Exercise description. Your task is to retype, exactly and without pictures, the line holding "2025. Foto: cortesía." and each line that follows it to the end of the entries.

Dataset records.
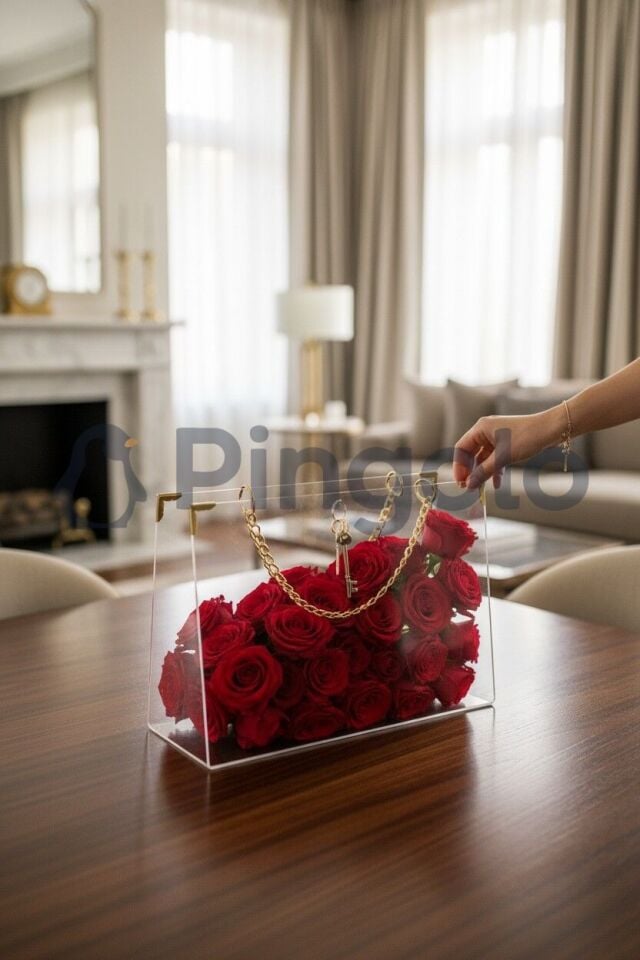 Dikdörtgen Gold Aksesuarlı Şeffaf Akrilik Pleksi Çanta (İçi Boş)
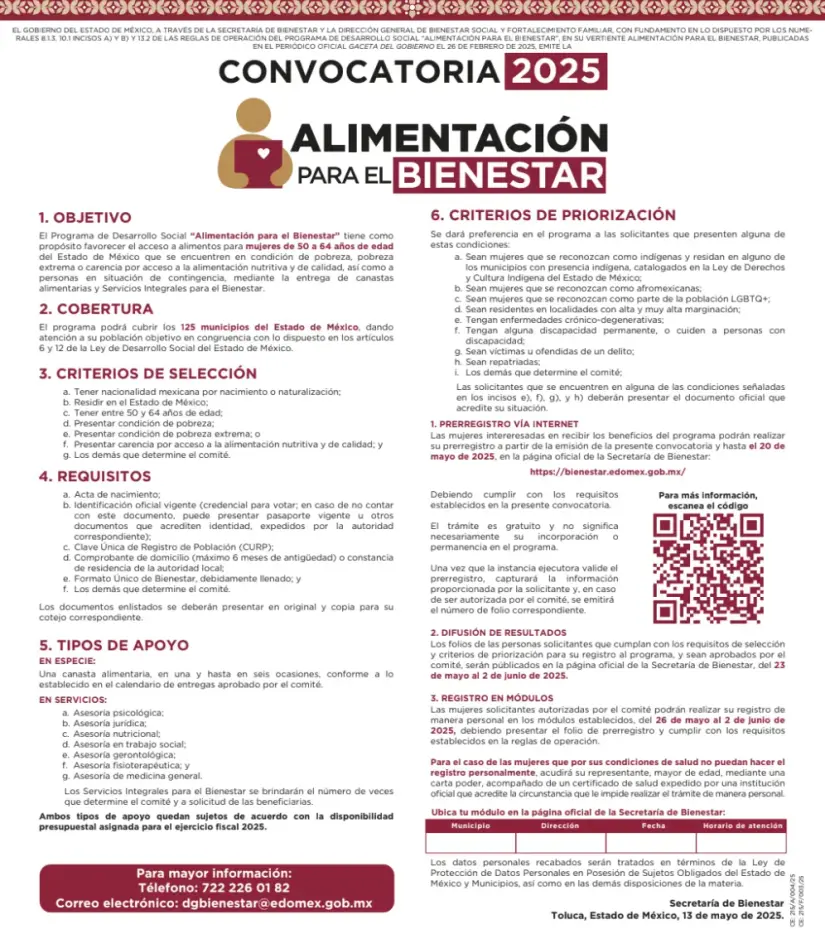 Convocatoria para el programa Alimentación para el Bienestar 2025. Foto: cortesía Convocatoria para el programa Alimentación para el Bienestar 2025. Foto: cortesía.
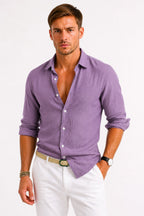 Jarrah | Men's Linen Oxford Shirt, Button-Down Rolled Sleeve Shirt | Direct Attire | Blue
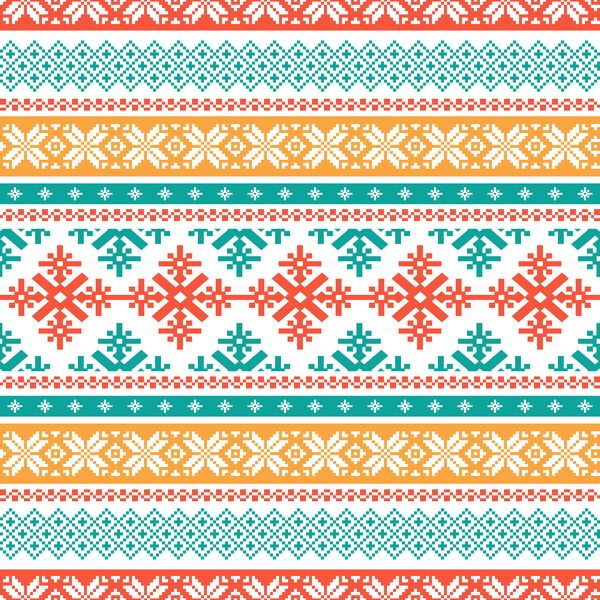 Traditonal knitted christmas seamless patterns vector 03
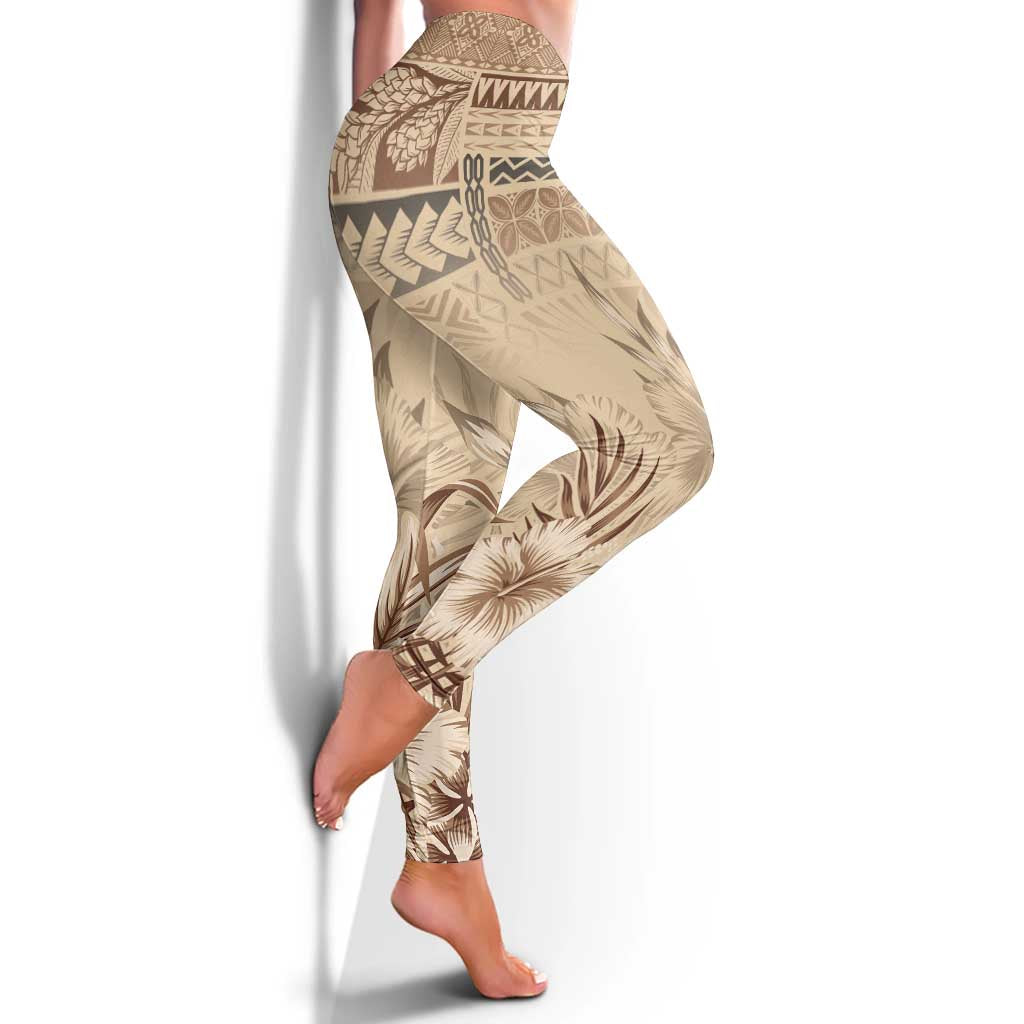 Vaiaso o le Gagana Samoa Leggings Siapo Motif Beige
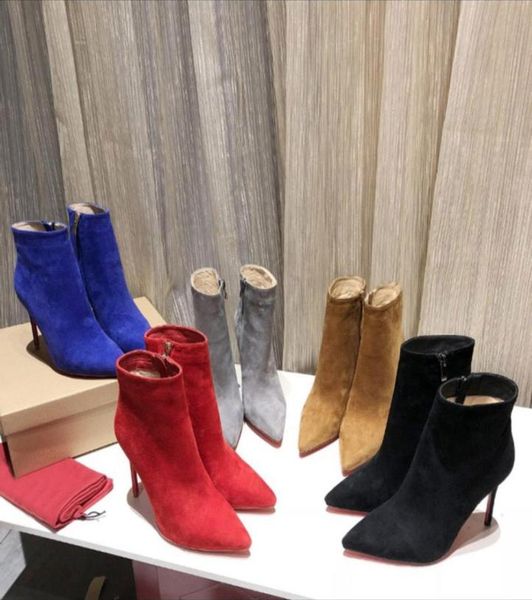 

2021 women boots womens ankle winter high heel suede bootis with box shoe size 34416217385, Black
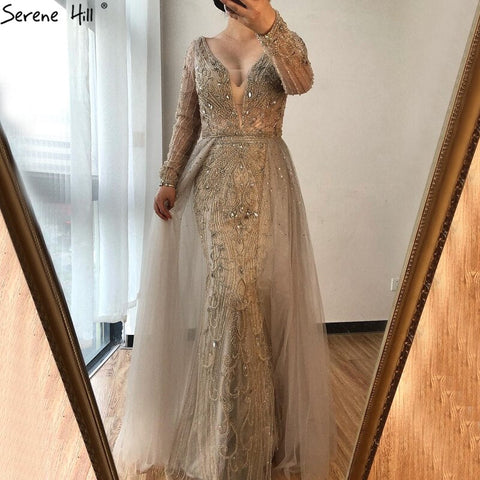 Robe de soirée sirène grise à col en V et manches longues, style Dubaï, avec perles en cristal, luxueuse tenue de soirée formelle, modèle 2025, CLA70433
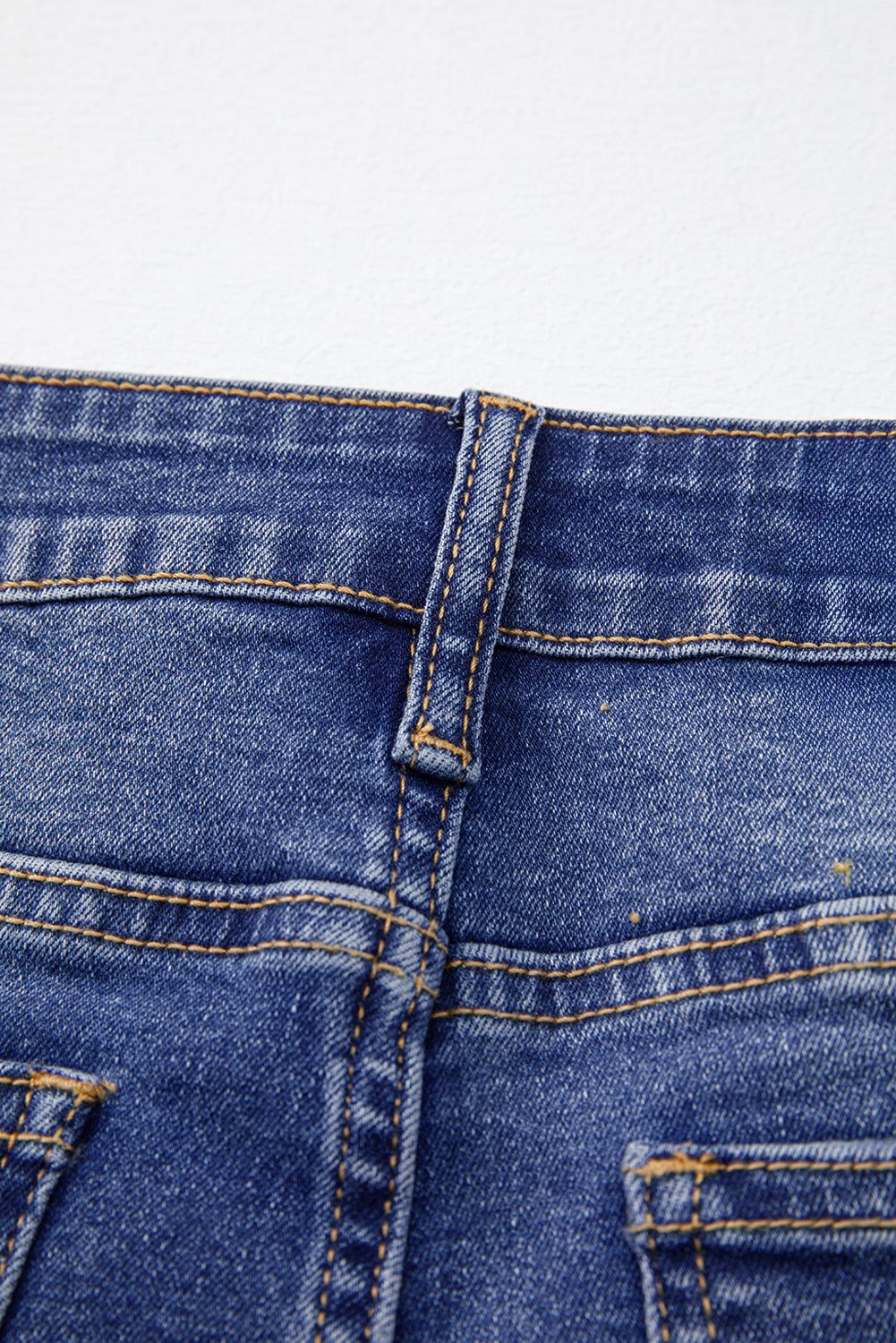 Dark Blue Whiskered Wash Raw Hem Cropped Jeans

Finished task.
 Convocatoria para el programa Alimentación para el Bienestar 2025. Foto: cortesía Convocatoria para el programa Alimentación para el Bienestar 2025. Foto: cortesía.
 Jarrah | Men's Linen Oxford Shirt, Button-Down Rolled Sleeve Shirt | Direct Attire | Blue
 Traditonal knitted christmas seamless patterns vector 03
 Vaiaso o le Gagana Samoa Leggings Siapo Motif Beige

2021 women boots womens ankle winter high heel suede bootis with box shoe size 34416217385, Black
 Robe de soirée sirène grise à col en V et manches longues, style Dubaï, avec perles en cristal, luxueuse tenue de soirée formelle, modèle 2025, CLA70433
 Dark Blue Whiskered Wash Raw Hem Cropped Jeans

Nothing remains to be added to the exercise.